Charles-Philippe Ronsin (/fr/; 1 December 1751 - 24 March 1794) was a French general of the Revolutionary Army of the First French Republic, commanding the large Parisian division of l'Armée Révolutionnaire. He was an extreme radical leader of the French Revolution, and one of the many followers of Jacques-René Hébert, known as the Hébertists.

==Life==
Born in 1751 in Soissons, Aisne, a city northeast of Paris, Ronsin was son of a master cooper or barrel maker. At the age of seventeen, Charles-Philippe Ronsin joined the Parisian army. By 1772 he left the army with the position of corporal and soon became a playwright and a tutor. In these years he met the artist Jacques-Louis David and they became good friends.

Welcoming the Revolution, Ronsin became the Bourgeois Guard Captain in the district of Saint-Roch in 1789. He presented several patriotic pieces in some of the theatres in the capital between the years 1790 and 1792. It was in this period that Ronsin became a club orator and joined the club of the Cordeliers.

== Influences ==
In August and September 1792, the Executive Council entrusted him three missions. In November, the minister of war, Pache, named him commissioner-organizer in Belgium to the army of Dumouriez. In this post, Ronsin denounced the acts of violence of the suppliers to the armed forces, who were protected by the general.

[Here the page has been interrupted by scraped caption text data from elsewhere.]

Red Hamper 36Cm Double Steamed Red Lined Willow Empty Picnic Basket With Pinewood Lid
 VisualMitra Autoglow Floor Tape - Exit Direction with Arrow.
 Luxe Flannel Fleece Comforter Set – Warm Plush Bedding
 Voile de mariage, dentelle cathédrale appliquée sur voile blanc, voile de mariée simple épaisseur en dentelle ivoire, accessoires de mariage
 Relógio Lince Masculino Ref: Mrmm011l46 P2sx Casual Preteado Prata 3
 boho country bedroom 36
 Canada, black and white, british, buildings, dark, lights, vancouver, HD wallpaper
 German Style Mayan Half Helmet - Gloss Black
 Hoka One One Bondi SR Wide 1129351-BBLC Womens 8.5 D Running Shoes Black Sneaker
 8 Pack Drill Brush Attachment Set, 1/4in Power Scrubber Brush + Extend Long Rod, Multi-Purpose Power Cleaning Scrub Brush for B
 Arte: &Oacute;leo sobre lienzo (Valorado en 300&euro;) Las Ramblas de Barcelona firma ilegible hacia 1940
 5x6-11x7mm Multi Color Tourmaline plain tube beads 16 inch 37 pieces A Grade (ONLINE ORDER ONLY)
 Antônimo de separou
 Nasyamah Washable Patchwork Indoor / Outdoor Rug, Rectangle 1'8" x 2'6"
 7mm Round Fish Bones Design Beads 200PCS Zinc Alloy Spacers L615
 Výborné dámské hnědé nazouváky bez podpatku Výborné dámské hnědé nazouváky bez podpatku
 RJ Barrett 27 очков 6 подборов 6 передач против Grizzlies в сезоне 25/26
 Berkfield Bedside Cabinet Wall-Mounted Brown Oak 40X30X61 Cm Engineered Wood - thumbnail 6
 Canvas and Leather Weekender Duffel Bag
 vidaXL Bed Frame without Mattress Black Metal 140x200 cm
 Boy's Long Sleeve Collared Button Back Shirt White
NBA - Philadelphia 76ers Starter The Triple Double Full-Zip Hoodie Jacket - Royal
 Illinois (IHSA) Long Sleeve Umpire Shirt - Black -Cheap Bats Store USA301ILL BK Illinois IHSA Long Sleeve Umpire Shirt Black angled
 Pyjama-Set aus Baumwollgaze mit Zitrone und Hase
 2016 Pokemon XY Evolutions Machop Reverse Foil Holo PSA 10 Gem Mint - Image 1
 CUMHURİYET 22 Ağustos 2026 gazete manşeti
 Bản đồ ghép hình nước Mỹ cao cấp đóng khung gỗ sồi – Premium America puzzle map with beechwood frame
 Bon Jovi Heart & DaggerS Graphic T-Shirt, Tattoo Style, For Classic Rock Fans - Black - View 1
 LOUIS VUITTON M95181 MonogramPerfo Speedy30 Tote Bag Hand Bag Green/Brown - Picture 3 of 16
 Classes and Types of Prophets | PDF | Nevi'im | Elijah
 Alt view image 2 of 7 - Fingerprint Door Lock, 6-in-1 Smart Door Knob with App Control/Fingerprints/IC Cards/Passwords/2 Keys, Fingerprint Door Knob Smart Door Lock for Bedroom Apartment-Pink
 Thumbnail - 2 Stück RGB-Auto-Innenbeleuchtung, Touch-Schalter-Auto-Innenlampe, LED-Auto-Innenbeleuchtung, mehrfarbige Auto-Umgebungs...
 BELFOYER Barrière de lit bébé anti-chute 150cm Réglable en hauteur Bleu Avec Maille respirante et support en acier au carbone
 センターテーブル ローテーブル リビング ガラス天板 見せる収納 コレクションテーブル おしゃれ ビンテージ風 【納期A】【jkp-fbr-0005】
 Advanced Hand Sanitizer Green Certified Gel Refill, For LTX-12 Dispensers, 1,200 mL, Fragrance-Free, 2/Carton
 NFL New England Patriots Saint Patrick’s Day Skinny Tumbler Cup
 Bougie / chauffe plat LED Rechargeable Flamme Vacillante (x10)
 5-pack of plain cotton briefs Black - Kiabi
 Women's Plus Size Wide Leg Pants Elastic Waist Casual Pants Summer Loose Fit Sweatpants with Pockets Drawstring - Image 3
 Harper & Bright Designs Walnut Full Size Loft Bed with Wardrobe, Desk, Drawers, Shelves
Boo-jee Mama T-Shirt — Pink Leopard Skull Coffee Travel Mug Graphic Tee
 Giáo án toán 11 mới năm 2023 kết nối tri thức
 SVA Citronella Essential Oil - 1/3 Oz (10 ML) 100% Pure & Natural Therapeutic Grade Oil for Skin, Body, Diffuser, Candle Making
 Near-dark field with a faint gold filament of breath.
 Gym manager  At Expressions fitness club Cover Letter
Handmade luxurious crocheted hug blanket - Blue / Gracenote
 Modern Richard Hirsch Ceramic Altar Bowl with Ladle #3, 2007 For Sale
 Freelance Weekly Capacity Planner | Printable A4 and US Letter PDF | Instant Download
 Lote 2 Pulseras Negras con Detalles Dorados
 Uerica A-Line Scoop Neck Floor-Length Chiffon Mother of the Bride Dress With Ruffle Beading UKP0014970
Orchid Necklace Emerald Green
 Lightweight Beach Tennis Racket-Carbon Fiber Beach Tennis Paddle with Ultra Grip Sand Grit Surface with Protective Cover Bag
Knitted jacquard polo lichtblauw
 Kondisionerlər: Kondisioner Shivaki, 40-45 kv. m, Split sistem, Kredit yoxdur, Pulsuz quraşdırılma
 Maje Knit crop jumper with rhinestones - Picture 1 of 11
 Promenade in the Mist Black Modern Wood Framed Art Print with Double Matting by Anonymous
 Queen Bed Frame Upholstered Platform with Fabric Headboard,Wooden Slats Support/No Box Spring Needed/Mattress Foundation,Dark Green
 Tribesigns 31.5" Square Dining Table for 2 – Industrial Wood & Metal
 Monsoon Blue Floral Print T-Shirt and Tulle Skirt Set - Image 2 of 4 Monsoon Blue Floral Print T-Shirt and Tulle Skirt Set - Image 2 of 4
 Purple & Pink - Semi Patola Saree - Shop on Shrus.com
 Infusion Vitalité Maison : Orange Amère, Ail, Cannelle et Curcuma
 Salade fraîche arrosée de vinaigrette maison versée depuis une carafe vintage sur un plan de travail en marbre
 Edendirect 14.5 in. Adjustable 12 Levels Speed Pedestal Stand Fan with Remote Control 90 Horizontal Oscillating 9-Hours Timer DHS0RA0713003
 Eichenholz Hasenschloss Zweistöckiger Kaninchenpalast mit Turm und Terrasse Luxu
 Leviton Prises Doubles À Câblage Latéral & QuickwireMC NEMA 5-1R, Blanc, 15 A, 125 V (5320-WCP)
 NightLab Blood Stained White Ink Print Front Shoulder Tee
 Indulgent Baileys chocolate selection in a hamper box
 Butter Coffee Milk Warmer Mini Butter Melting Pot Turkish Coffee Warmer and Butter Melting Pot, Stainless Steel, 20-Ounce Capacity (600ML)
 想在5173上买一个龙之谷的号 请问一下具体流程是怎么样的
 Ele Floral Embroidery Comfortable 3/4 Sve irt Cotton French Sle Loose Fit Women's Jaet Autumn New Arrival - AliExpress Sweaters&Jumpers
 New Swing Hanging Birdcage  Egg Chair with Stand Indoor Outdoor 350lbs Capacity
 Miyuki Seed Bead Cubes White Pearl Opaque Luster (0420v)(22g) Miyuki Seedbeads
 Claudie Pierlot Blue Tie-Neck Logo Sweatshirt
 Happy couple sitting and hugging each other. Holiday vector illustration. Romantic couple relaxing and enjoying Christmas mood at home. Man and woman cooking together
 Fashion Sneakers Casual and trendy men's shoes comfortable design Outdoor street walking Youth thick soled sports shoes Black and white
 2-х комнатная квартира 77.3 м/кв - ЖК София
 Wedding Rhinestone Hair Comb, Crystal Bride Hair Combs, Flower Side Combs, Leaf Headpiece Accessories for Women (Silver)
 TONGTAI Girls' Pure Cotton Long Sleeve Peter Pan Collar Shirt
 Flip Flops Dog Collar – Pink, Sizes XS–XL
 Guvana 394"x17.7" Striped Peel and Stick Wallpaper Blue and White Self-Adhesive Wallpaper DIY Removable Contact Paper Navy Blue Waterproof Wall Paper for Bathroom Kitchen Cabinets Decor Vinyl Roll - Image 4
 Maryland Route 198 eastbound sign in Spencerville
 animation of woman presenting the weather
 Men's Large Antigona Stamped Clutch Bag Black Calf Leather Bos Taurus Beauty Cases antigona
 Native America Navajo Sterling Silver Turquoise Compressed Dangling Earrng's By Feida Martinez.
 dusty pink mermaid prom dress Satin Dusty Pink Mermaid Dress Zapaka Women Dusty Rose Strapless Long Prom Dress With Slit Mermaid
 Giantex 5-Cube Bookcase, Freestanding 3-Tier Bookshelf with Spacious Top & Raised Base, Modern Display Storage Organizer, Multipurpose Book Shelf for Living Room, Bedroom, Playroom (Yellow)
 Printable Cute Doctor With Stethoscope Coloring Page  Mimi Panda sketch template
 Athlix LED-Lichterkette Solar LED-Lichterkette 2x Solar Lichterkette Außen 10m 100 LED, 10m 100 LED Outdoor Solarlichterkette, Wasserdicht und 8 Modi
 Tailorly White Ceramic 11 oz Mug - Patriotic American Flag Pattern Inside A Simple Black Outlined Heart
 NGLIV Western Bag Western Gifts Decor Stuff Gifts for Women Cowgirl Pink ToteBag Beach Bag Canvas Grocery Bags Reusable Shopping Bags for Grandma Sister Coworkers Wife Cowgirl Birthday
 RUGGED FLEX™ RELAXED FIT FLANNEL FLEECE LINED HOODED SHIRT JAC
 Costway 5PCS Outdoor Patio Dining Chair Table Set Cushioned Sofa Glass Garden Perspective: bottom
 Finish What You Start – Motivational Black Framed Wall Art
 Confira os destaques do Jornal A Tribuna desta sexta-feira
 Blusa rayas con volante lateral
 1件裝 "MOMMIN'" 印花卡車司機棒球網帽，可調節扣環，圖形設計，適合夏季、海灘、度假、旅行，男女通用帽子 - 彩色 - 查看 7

Ronsin was named assistant of the minister of war of Bouchotte on 23 April 1793, without ever commanding a squadron. It is possible that Ronsin received that position thanks to his friendship with Chaumette and Hébert. In May, he left to Vendée, to help the provisioning armies. There was an incident in which Ronsin was upset that his plan for defeating the Vendeans was rejected, therefore, he decided to make sure that General Canclaux was defeated by the Vendeans, ensuring his own victory. He led his troops to Vihiers and Beaulieu and was eventually trapped at Coron. Because of Ronsin's decision the Vendeans took over Beaulieu and managed to convince the Committee to get rid of Canclaux.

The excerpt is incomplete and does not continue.